Henderson has also found the right balance between the demands on her time and the need to be ready to play her best golf.

"Just being able to say no and understanding that I need that practice and rest time," she said.

American Angel Yin, who was runner-up at the CP Women's Open last year, saw and heard how much pressure Henderson was experiencing trying to win at home.

"It's great for golf in Canada, women's golf, and it's great for her, too," Yin told reporters afterwards. "I mean, people shouting her name left to right since the first hole, like since nine in the morning. I bet you she feels pressure.

"But she's used to it and she handles it pretty well, and she finished the job."

One of the things I've noticed about Henderson's game is her improved wedge play. She looks like she's more capable of mixing in a little more finesse from 100 yards, varying speeds and spin.

She said he's been working at it for the past two years with her father and coach, Dave, and her sister and caddie, Brittany.

"I feel like I have much better timing and rhythm with it and I'm much more confident. When I step up to a shot under 100 yards, you know, I'm not freaking out anymore," she said. "I'm like, 'I can make birdie' or if I made a mistake off the tee I can make par now. I think that's really important and it's really improved my game a lot."

Henderson's stardom has certainly placed her among Canada's top athletes. She's also begun to have a few high profile fans.

She got texts and messages of congratulations after her record ninth win a couple of weeks ago, including the Prime Minister and the man some might consider our unofficial Prime Minister.
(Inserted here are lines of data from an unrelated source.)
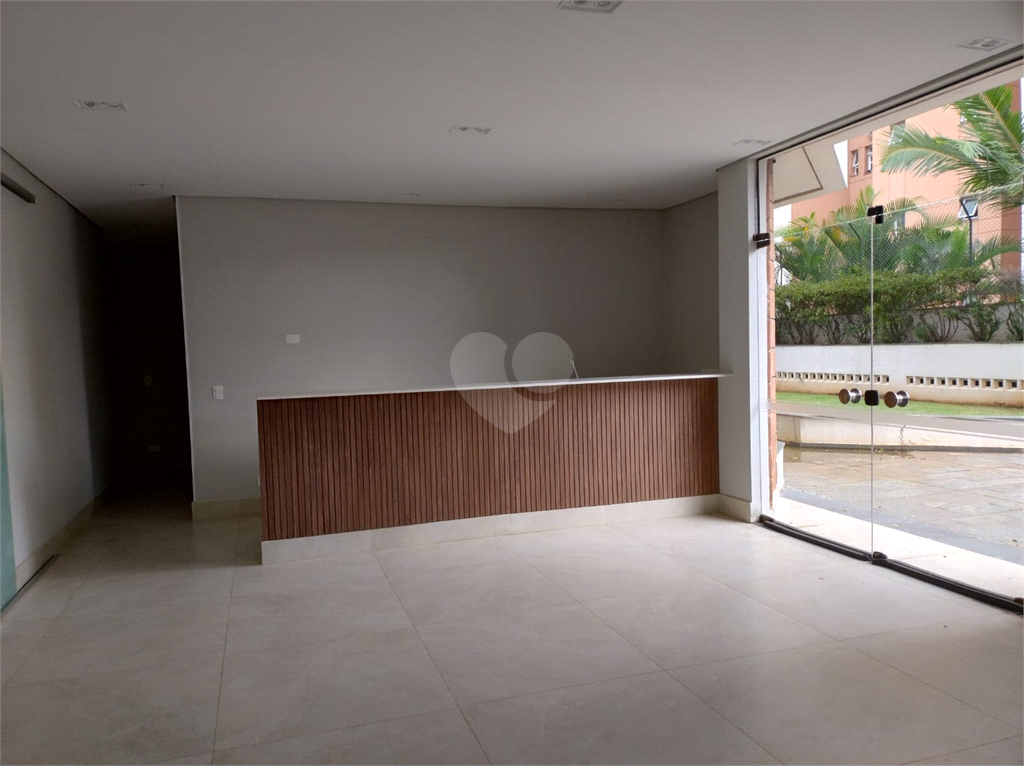 Venda Apartamento São Paulo Brooklin Paulista REO946540 37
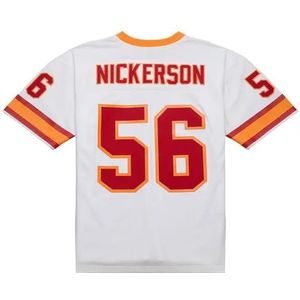 NFL-shirt Tampa Bay Buccaneers Hardy Nickerson 1996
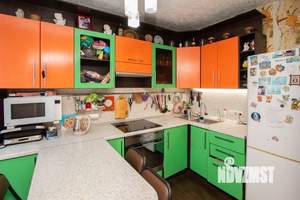 3-к квартира, вторичка, 61м2, 8/9 этаж
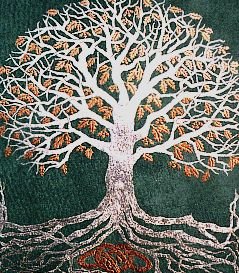 WitchOily's profile picture. Nature based Witch Healer, Astrologer, Aromatherapist,giving Bespoke Wellbeing Healing Consultations, Potions & Lotions and teaching Self Health and Witchcraft.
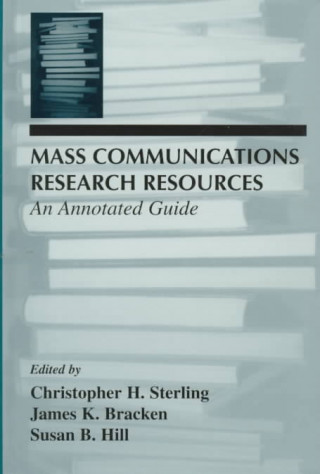 Carte Mass Communications Research Resources 
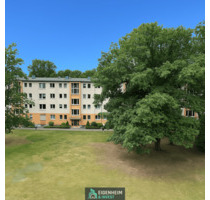 Hochwertige 3-Zimmerwohnung mit PKW-Stellplatz! - Berlin Tegel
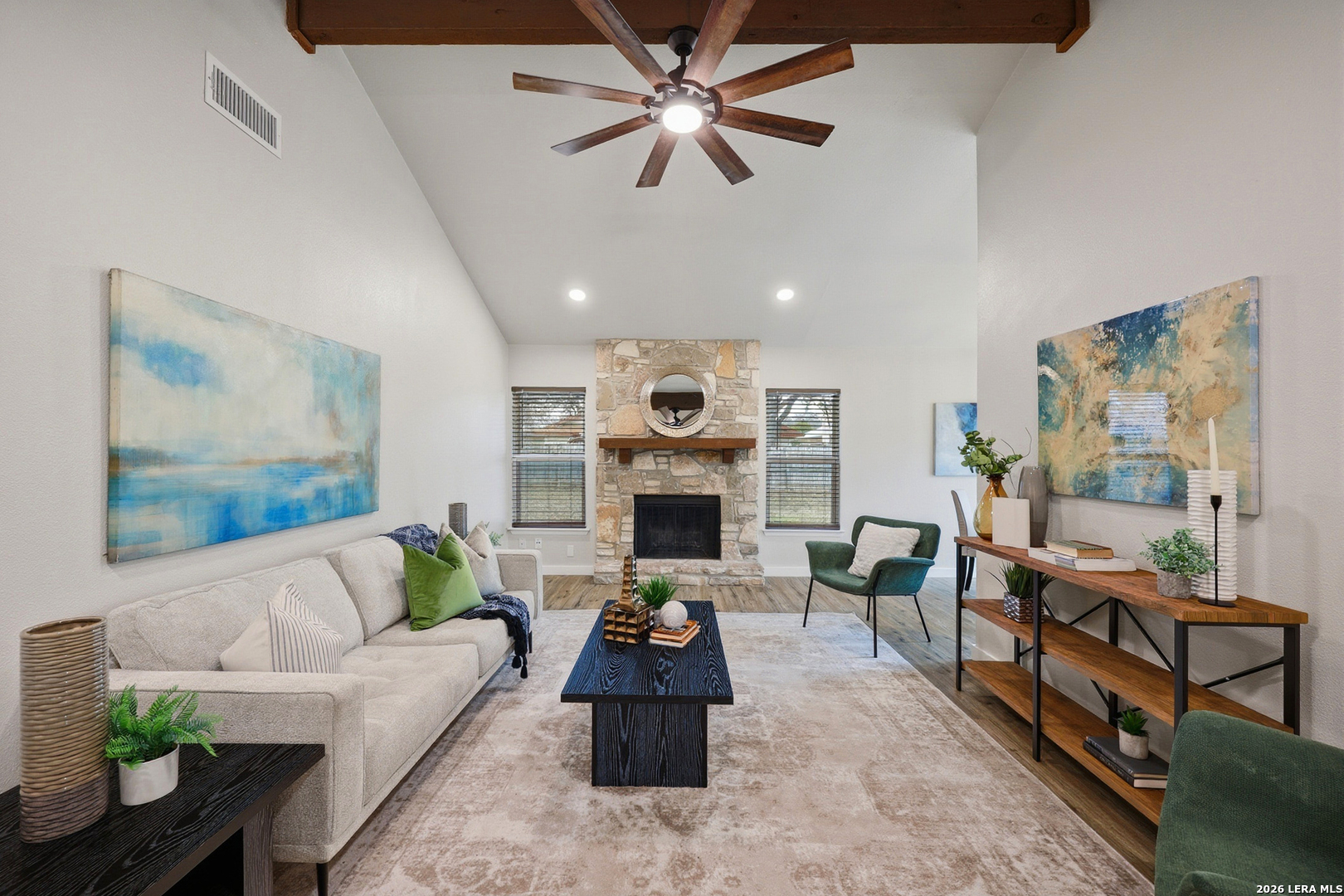 8247 Lewiston Street San Antonio TX 78254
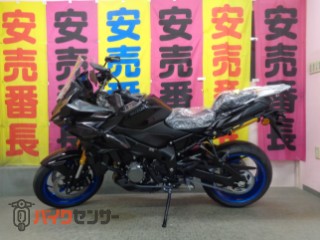 GSX-S1000GX ２０２６年モデル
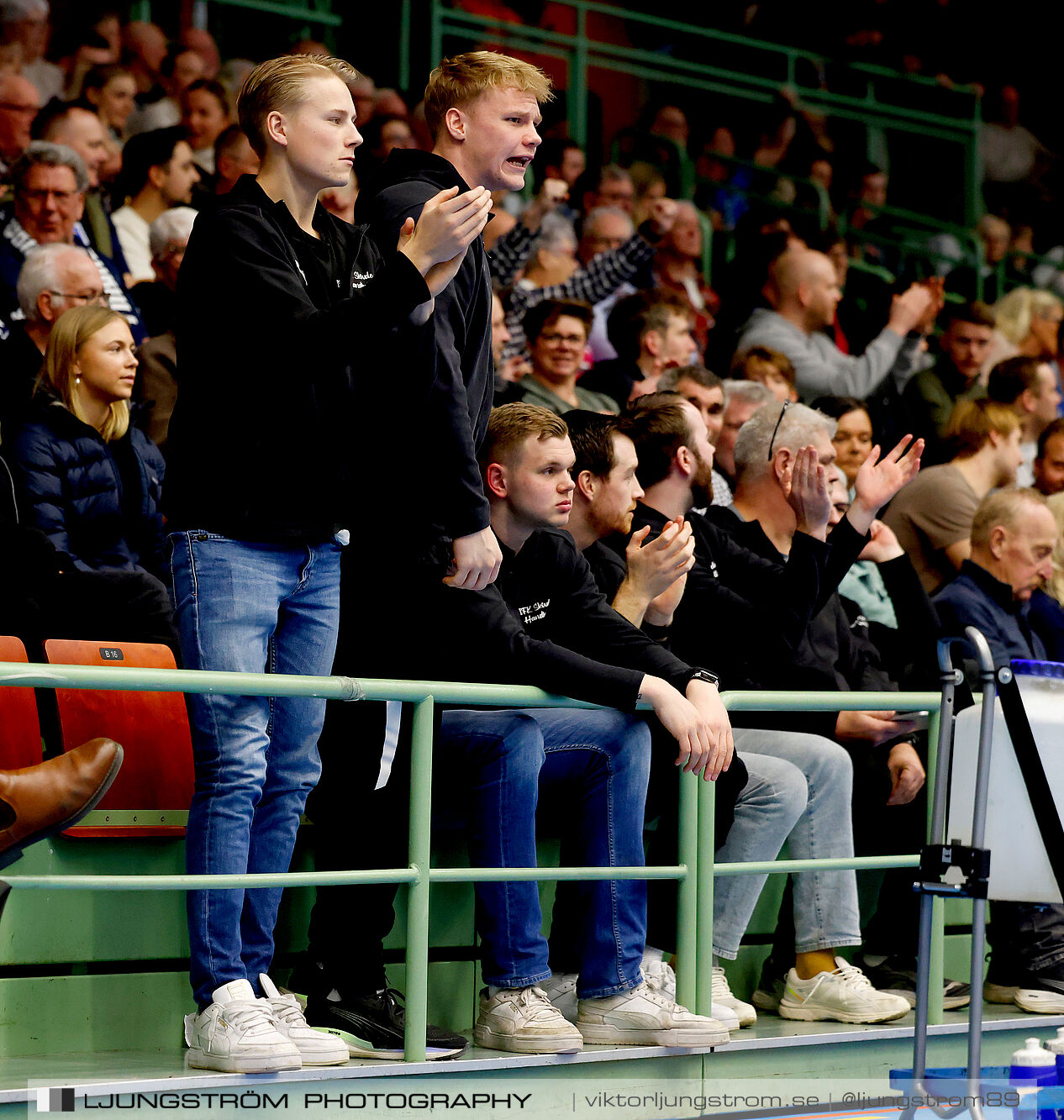 IFK Skövde HK-IF Hallby HK 21-17,herr,Arena Skövde,Skövde,Sverige,Handboll,,2025,367748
"It's so crazy. Sometimes I wonder why they are reaching out to me. They are such amazing athletes and such amazing people. It's just funny to think that they would want to text me and congratulate me. Right after I won in Hawaii I was playing in L.A. and Wayne Gretzky came over and shook my hand said congratulations and you're fun to watch. I was like what Are you serious? It's just really fun to be in this position where I have so many people and friendships from around the world."

Henderson attended the media day at Magna during a rare week off during the LPGA season. She's skipping the Thornberry Creek LPGA Classic in Wisconsin this week (she's finish T28 and T23 in that event the past two years).

Near as I can figure, Henderson has played 104 of 116 potential starts since she became a full-time member of the LPGA Tour for 2016 season. She missed two tournaments earlier this season because of illness.